I learned, from decades of writing down their words verbatim in notebooks, how real people talk. I learned that syntax and rhythm were almost as individual as a fingerprint, and that one quotation, precisely transcribed and intentionally untidied, could delineate a character in a way that pages of exposition never could. And I learned to make every word count. All those years of being given 1,200 words, of having the 1,200 pared to 900 at 3 o'clock: it teaches you to make the distinction between what is necessary and what is simply you in love with the sound of your own voice. The most important thing I ever do from an editing perspective is cut. I learned how to do that in newsrooms, where cutting is commonplace, swift, and draconian.

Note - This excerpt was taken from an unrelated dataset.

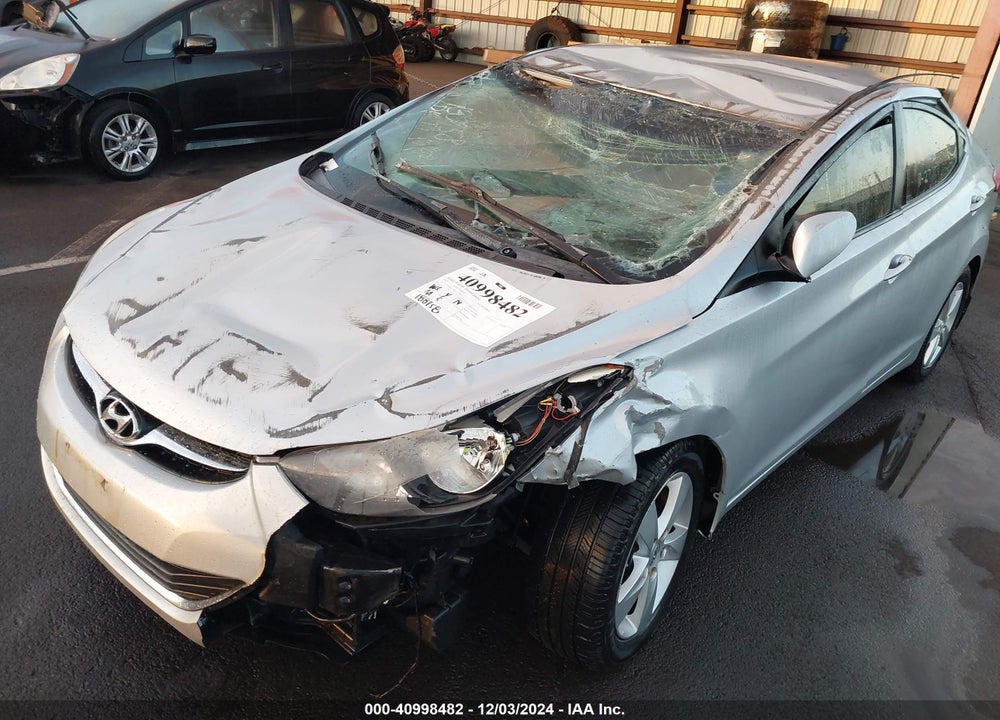 2013 HYUNDAI ELANTRA VIN: 5NPDH4AE4DH172097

That’s where I learned about writer's block, too. People have writer's block not because they can't write, but because they despair of writing eloquently. That's not the way it works, and one of the best places to learn that is a newspaper, which in its instant obsolescence is infinitely forgiving. Jacques Barzun once wrote: "Convince yourself that you are working in clay, not marble, on paper, not eternal bronze: let that first sentence be as stupid as it wishes. No one will rush out and print it as it stands." Journalism is the professional embodiment of that soothing sentiment.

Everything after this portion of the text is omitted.